Thursday 24 January 2013

fig leaf or bootsy collins

This day marks the anniversary of the assassination of the Roman emperor Gaius Julius Caesar Augustus Germanicus by a cohort commander and a group of dissatisfied members of the royal guard. The emperor was is more commonly known as Caligula, a nickname earned in his childhood while accompanying his father on field marches, scurrying to keep pace with the adults in his little boots. I am sure that was only earned posthumously. His removal from power makes the first known occasion in the history of the Empire that an emperor was removed from office by a grand collusion of the military and the Senate, and not the usual intrigue over succession by their own relatives.

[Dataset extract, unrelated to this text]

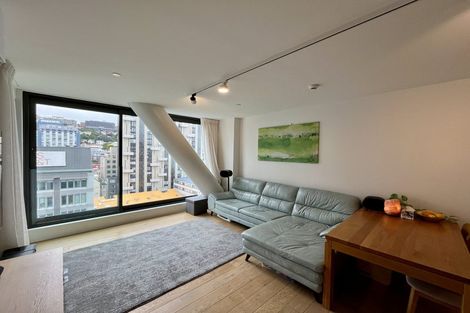 Photo of property in Victoria Lane Apartments, 1010/161 Victoria Street, Te Aro, Wellington, 6011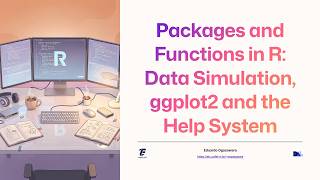 R Packages and Help: Functions, ggplot2, and Dice Simulation in R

Whether accounts of his exploits, deviancy and cruelty were wholly accurate or otherwise—victorious politicians get to write histories and not the deposed and surely there is some embellishment to make one’s predecessor more unpalatable and make the transition of power more acceptable in the eyes of the public: making a priest of his horse and threatening to promote him to Consul, pimping his sisters, torturing innocent bystanders out of boredom, &c. The list of crimes goes on, and no particular engineering project, campaign or public works attributed to his reign has much power to unsully that reputation. It would be hard to ever separate rumour and backbiting from the truth, but it does seem that Rome anointed no shortage of colourful statesmen and ambitious dynasties. Some one hundred fifty years prior to Caligua’s rule, there was a boy Caesar called Heliogabalus, who was accused of a host of eccentricities, decadent but not inhumane and a foot-note to the Major General’s song from the Gilbert and Sullivan operetta. If true and not fabricated as an on-going smear campaign against his memory, it is possible that later writers and opinion-formers only were holding neutral (and not the cause for regicide) chronicles up to their own standards of morality and deportment. Of course, the near or distant past is not a distorting plain of ill-repute in itself and many figures don’t need a relativistic or revisionist lens to be qualifiedly bad. I just hope that we are able to look beyond historical prejudice and perhaps unreliable narration, sift through the muck and tell the difference.